Thought I'd throw in a couple of points:
The expansion of Christianity in the early centuries was nothing short of epidemic, and not to do with Greek philosophy, which had yet to make an impact on doctrinal thinking. By AD60 there was a sizeable community in Rome, and within a hundred years of Golgotha there were Christian communities in every corner of the empire.
A significant factor in the spread was the (relative) ease and safety of travel within the empire itself, and with just common Greek or Latin, one could be understood from Scotland to Asia Minor, from the Steppes to the deserts of North Africa. There is no question that the free movement within the frontiers enabled athe rapid spread of the gospel.
Persecutions were invariably local and sporadic, until the 3rd century when they became more widespread and pursued with greater vigour. One of the biggest was initiated by the Alexandrian Greeks who, by that time, had come to recognise Christianity as a rival philosophical system. What annoyed them, as Celcus' writings indicate, was that anyone could become a Christian, you didn't need to be highly educated - this conflicted with the view that salvation belonged to the intellectual elite, that religion was an intellectual pursuit.
A major, if not the major factor, in the uptake of Christianity was its morality, not its philosophy, and this was why it was embraced by the poor, the women, etc.

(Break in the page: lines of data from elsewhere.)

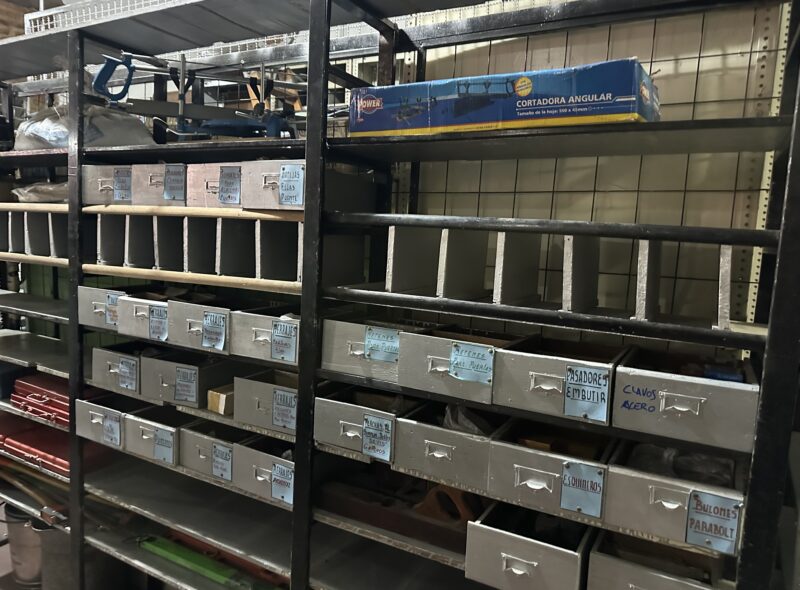 FERRETERÍA INSTALACIONES Y SALDOS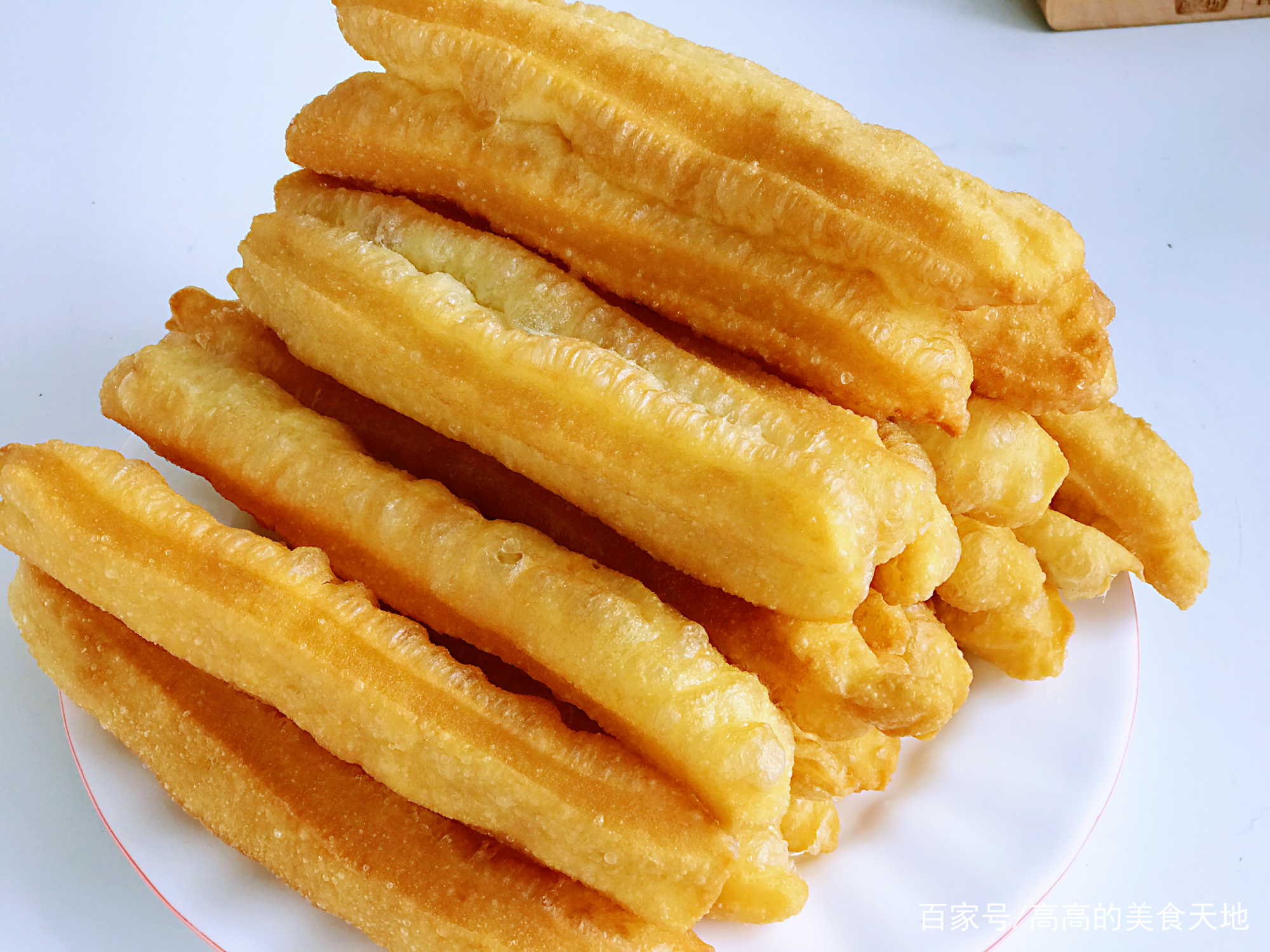 花1000学的炸油条做法,酥油条配方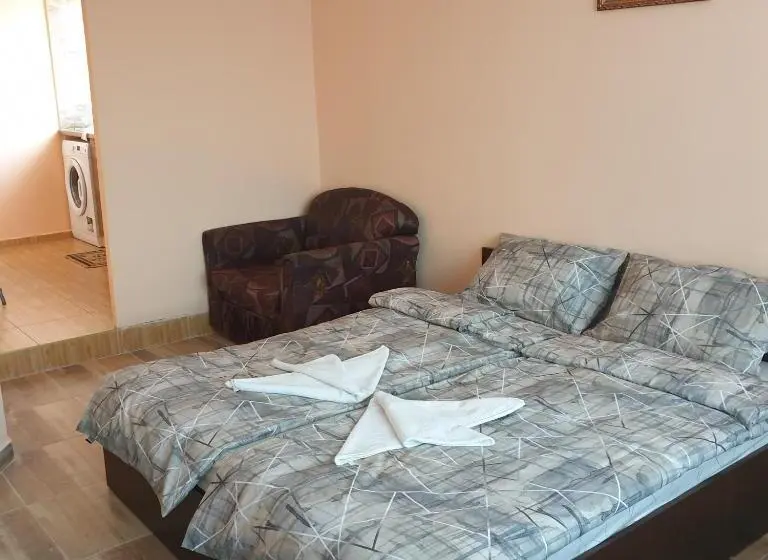 استودیو خانوادگی, къща за гости оазис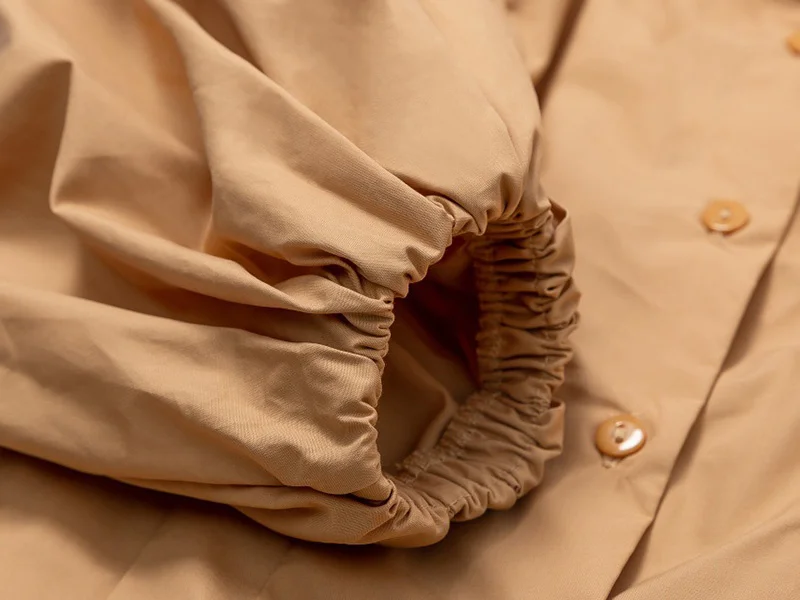 Black Shirt Sexy Off Shoulder Lantern Sleeve Blouse Women Elegant Pleated Slim Blusas Summer Fall Button White Khaki Top SJ6633V
Black Shirt Sexy Off Shoulder Lantern Sleeve Blouse Women Elegant Pleated Slim Blusas Summer Fall Button White Khaki Top SJ6633V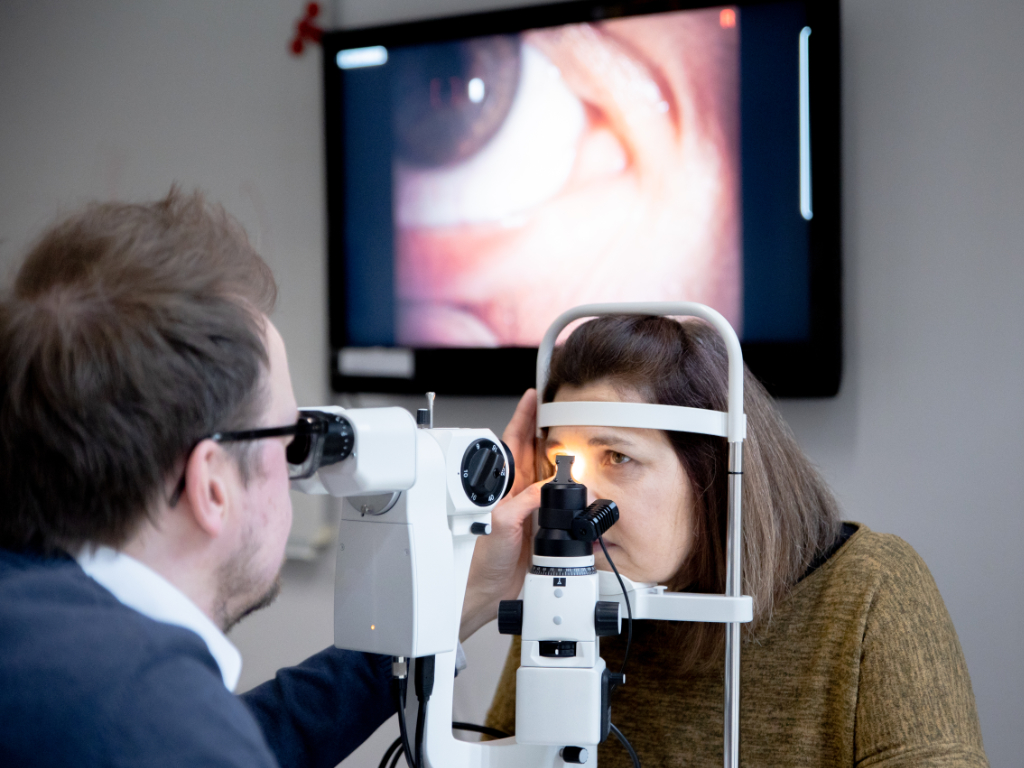 Anwendung von Untersuchungsverfahren im Kontaktlinsen-Labor der Hochschule Aalen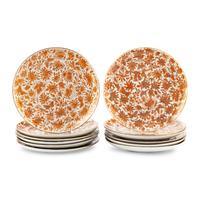 Twelve Chinese Export Porcelain Plates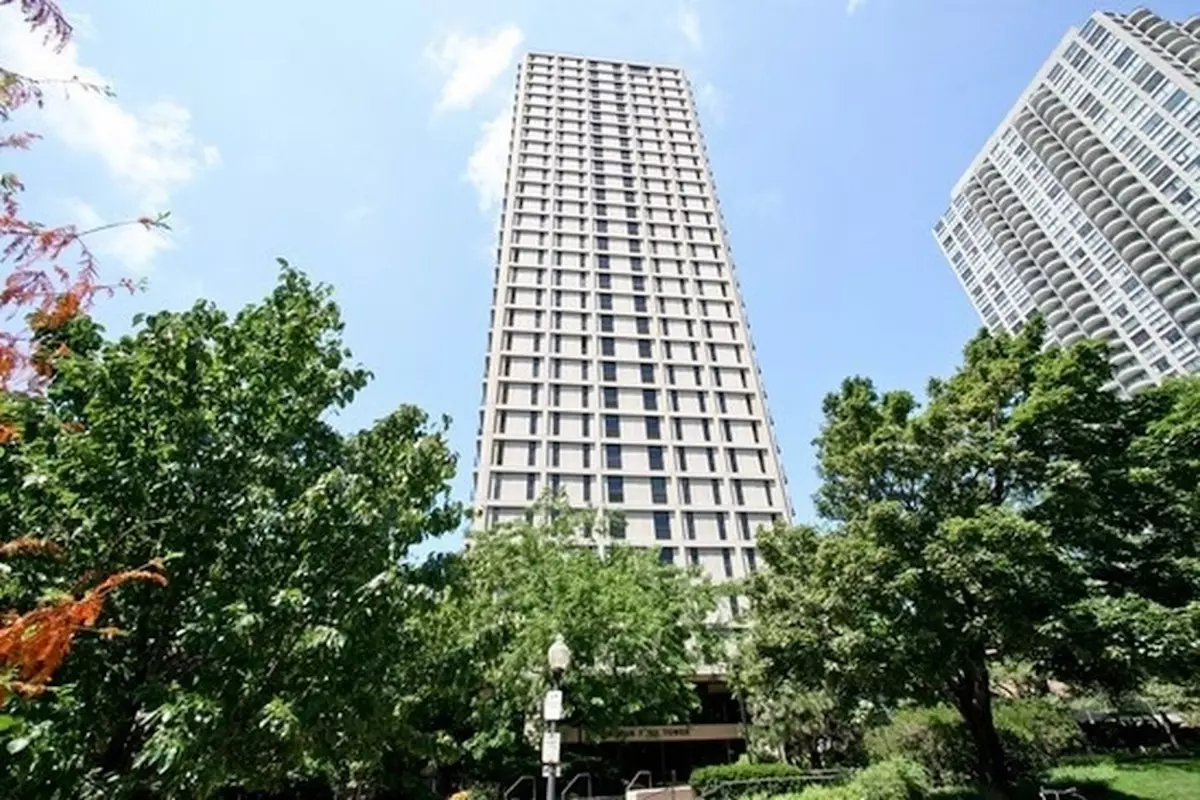 Chicago, IL 60614,1960 N Lincoln Park West #1710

Christian social programmes were the talk of the empire. By the 2nd century the community in Rome alone was looking after over 1500 widows and orphans, the sick and the destitute - who otherwise would be left to fend for themselves or die. Everyone was taught to read and write, so that soon 'educated slaves' became a desirable commodity, invariably educated within Christian communities. Likewise Christians rose in the Roman hierarchy because they were educated and because of their moral character.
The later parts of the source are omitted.